The famous hallucigenic drug has been around for 70+ years now. has it ever been proven useful for any medical purpose?
Guys like Tomoth Leary claimed that it helped you expand your consciousness, and it was tried (by the CIA) as a means of interrogation.
But as far as i know, nothing really usefil ever came of this. Is anybody studying its use today?
I’ve heard of uses like helping the terminally ill accept their mortality but if it turns out that there aren’t many, I don’t think that means much. Drugs classified as schedule (class) I narcotics have a huge stigma attached to them not to mention the legal issues so researchers aren’t busting a nut to do clinical trials with them unless they already have very good reasons to think they might be beneficial. So you can see the catch-22 here.
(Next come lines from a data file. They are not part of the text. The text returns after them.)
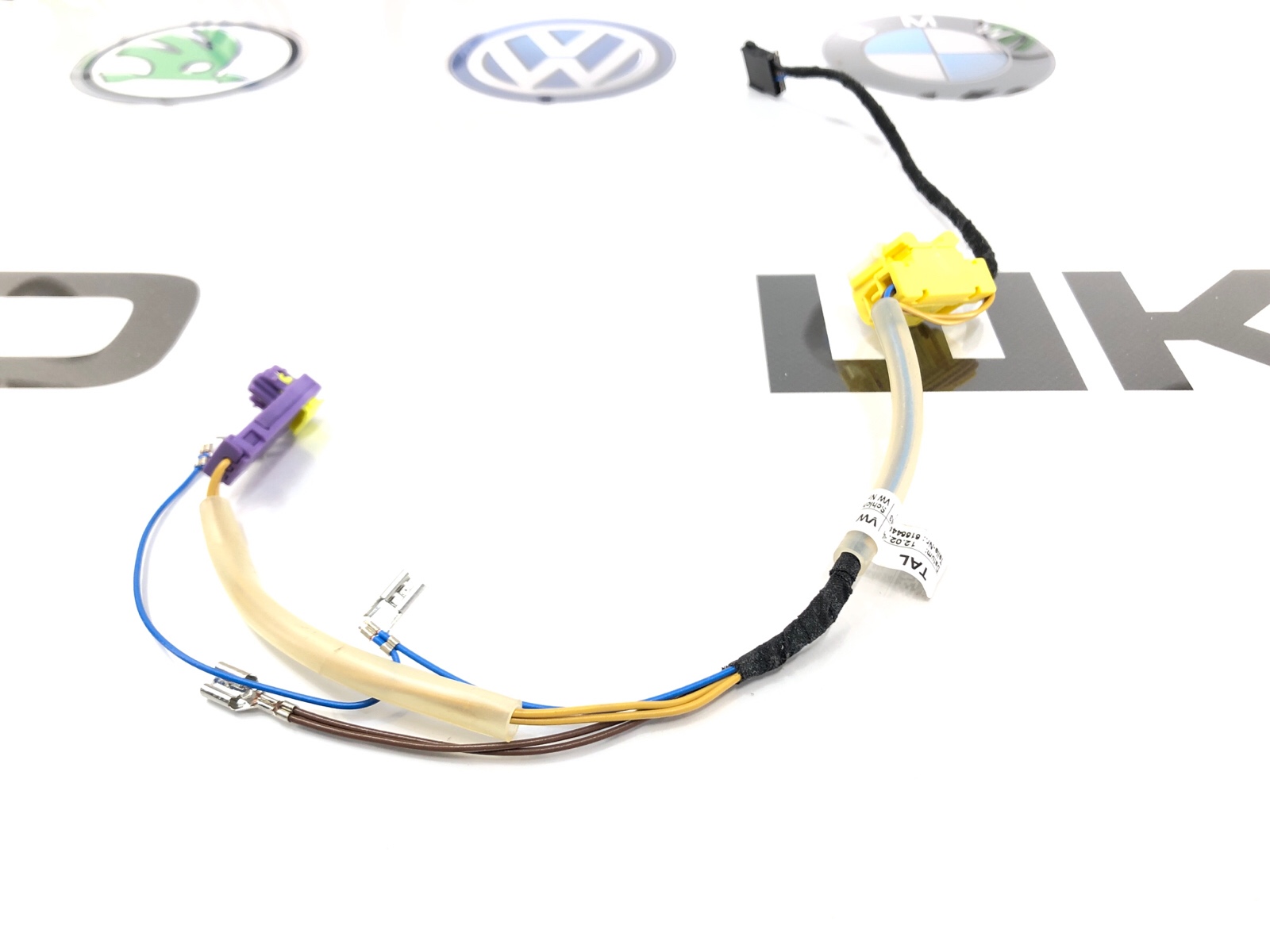 Проводка мультируля, 2500 рублей, Москва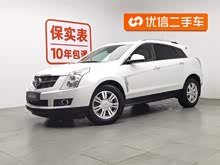 ��������SRX 2011�� 3.0L ������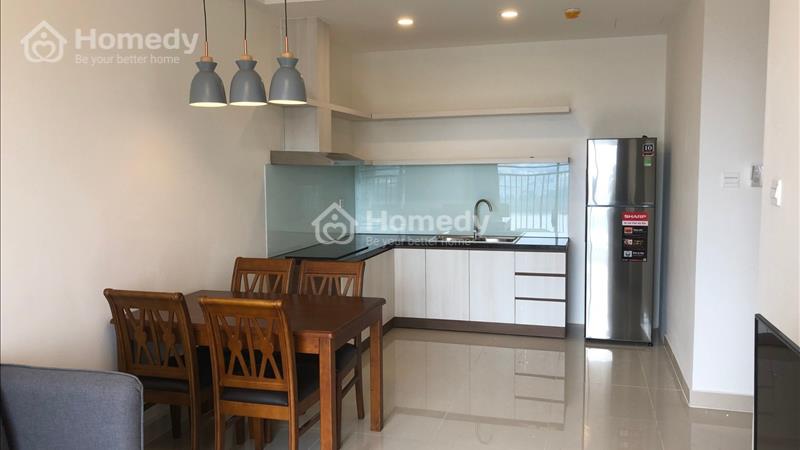 Bán Căn Hộ Giá Tốt Bao Hết Phí – The Sun Avenue 2PN - Ảnh 2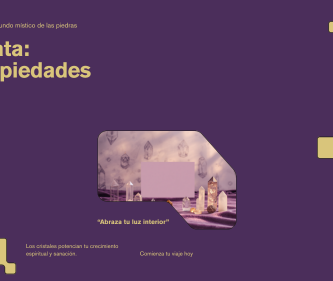 Ágata - cristal de sanación, propiedades espirituales y físicas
I know that for a few days after I did acid I felt much better than my usual mental state. It’s impossible to describe except to say that I felt “normal”. And after about a year of doing MDA off and on, my OCD symptoms virtually disappeared for several years but gradually crept back.
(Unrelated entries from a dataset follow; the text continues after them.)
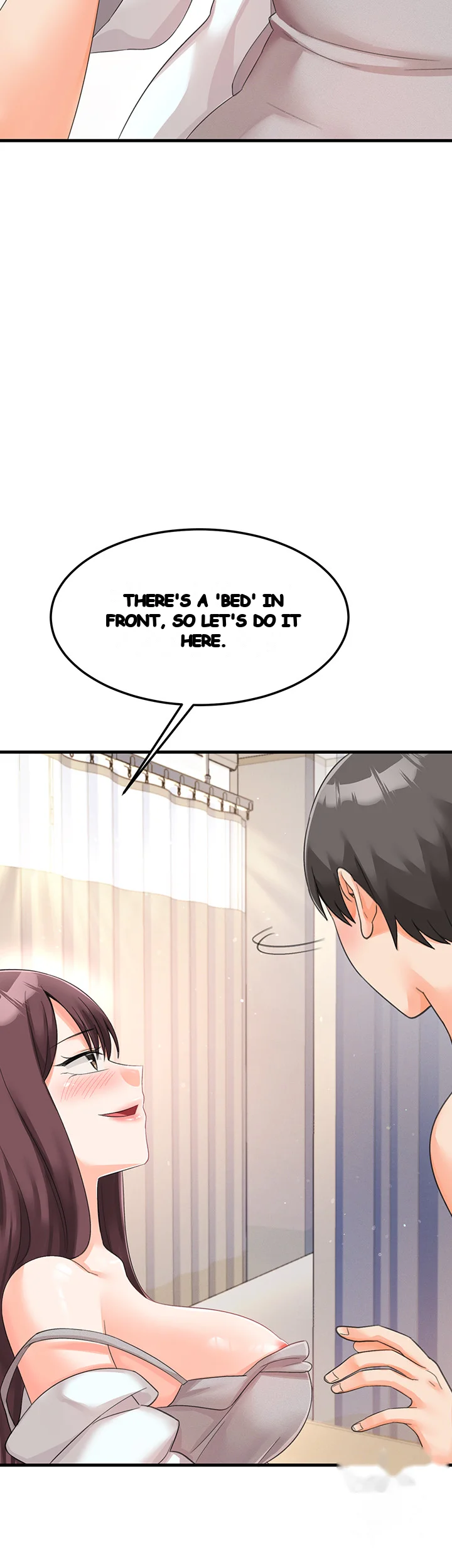 Boarding School Chapter 13 - Page 11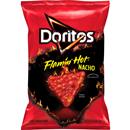 Doritos Flamin' Hot Nacho Flavored Tortilla Chips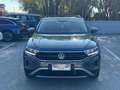 Volkswagen T-Roc 2022 2.0 tdi Style 150cv dsg Gris - thumbnail 2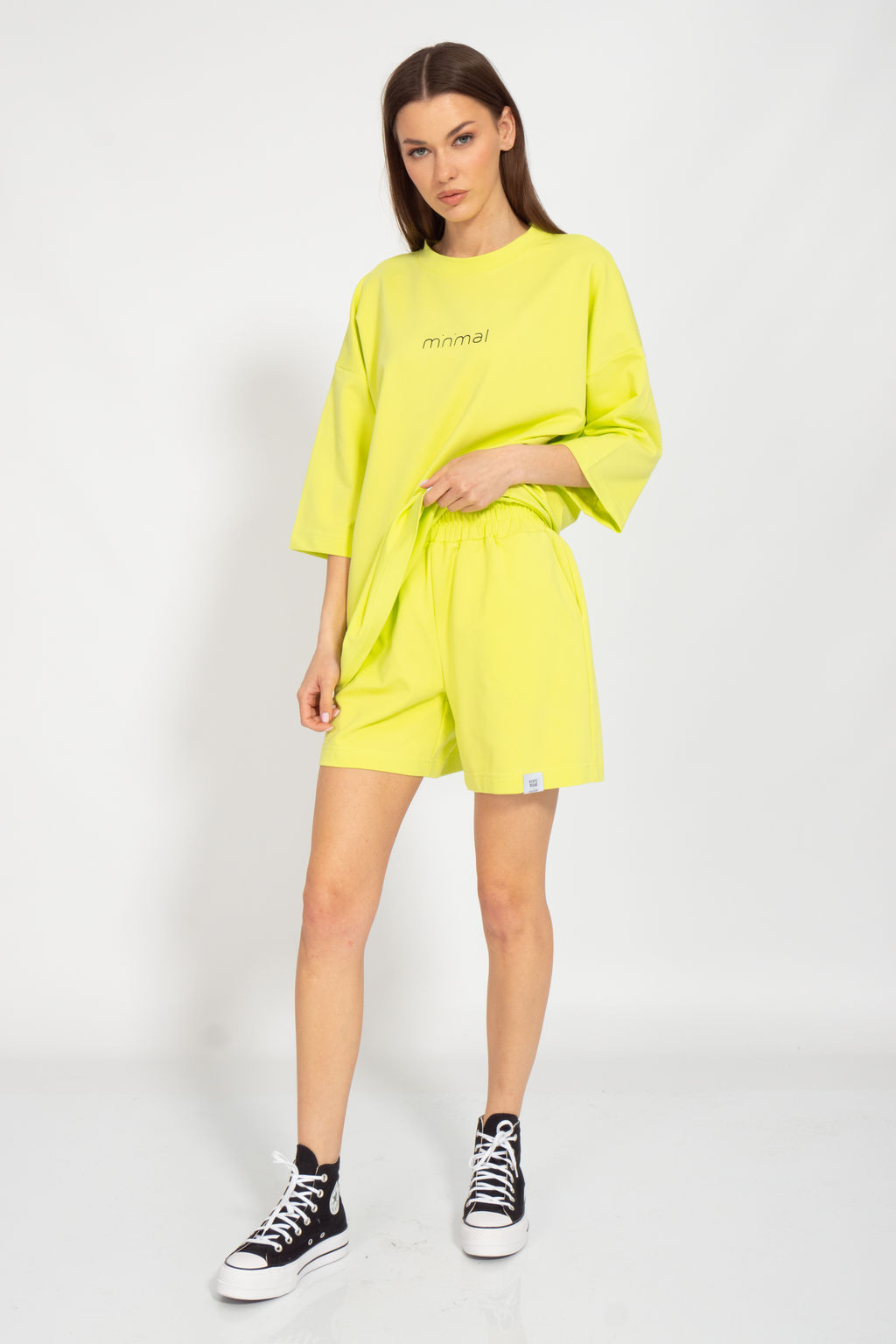 Шорты 3091 - Kivviwear фото 4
This isn’t about LSD per se, but here’s a study on Psilocybin, the active ingredient in “Magic Mushrooms” (which acts on the 5HT receptors of the brain, the same receptors LSD acts upon) so I think this is at least partially relevant.
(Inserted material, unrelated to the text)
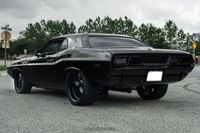 1973 Dodge Challenger 440 Coupe for sale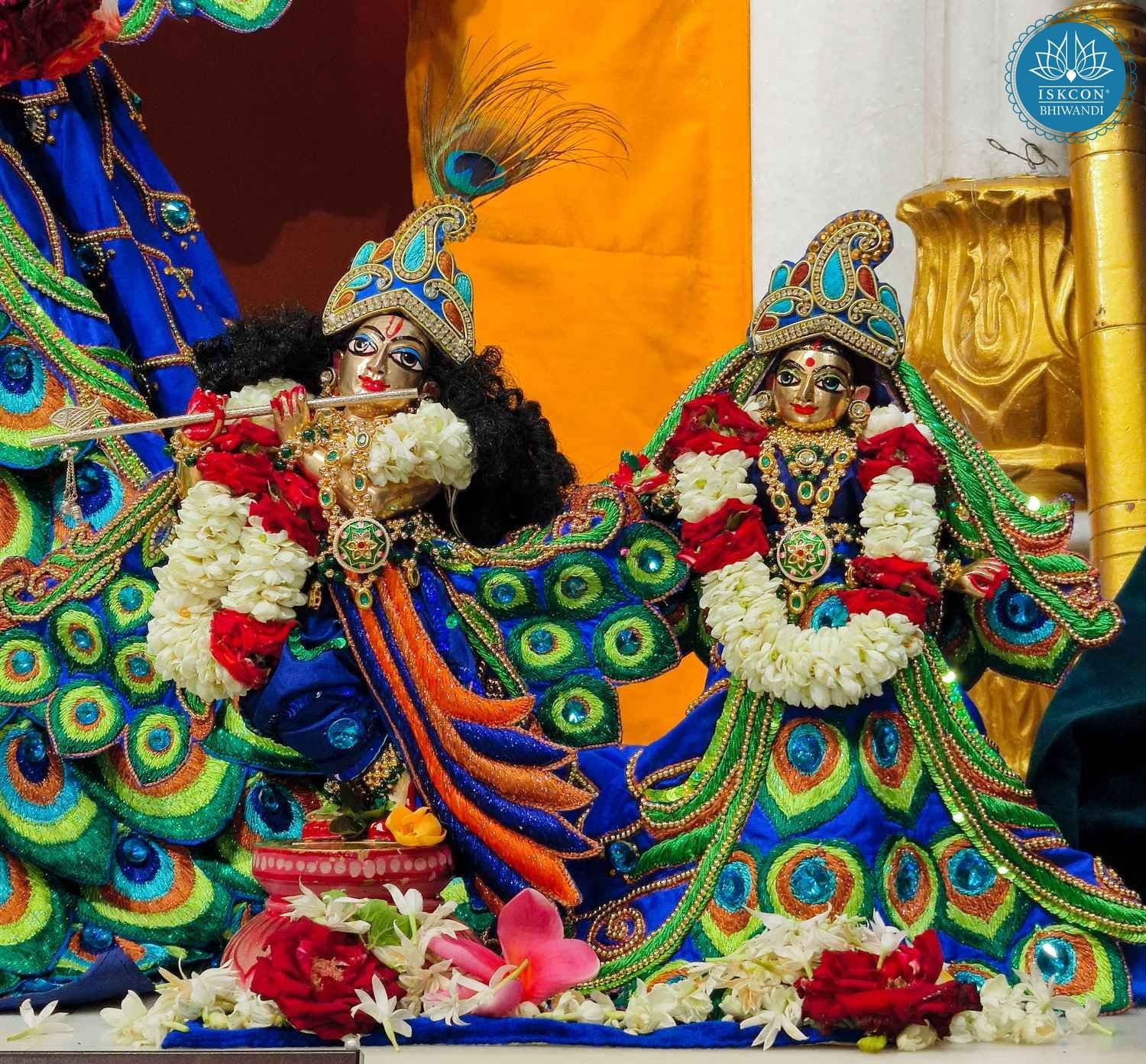 Sringar Darshan photo 4 of 12 — 14 June 2025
I’m to dumb the find the cite at the moment but I’ll keep looking. Anyway, I read ‘something somewhere’ to the effect that LSD was proven to be very successful in the treatment of alcoholics. IIRC, there was some evidence that the majority of alcoholics so treated stayed sober indefinitely.
I must have misspelled a word or something equally stupid; Googling ‘treating alcoholism with LSD’ will get you a ton of hits. It seems that a comprehensive study was conducted in Canada; give it a shot.
I remember that study. LSD was just one aspect of the treatment program; when the study was repeated with the same program minus the LSD, the success rates were similar.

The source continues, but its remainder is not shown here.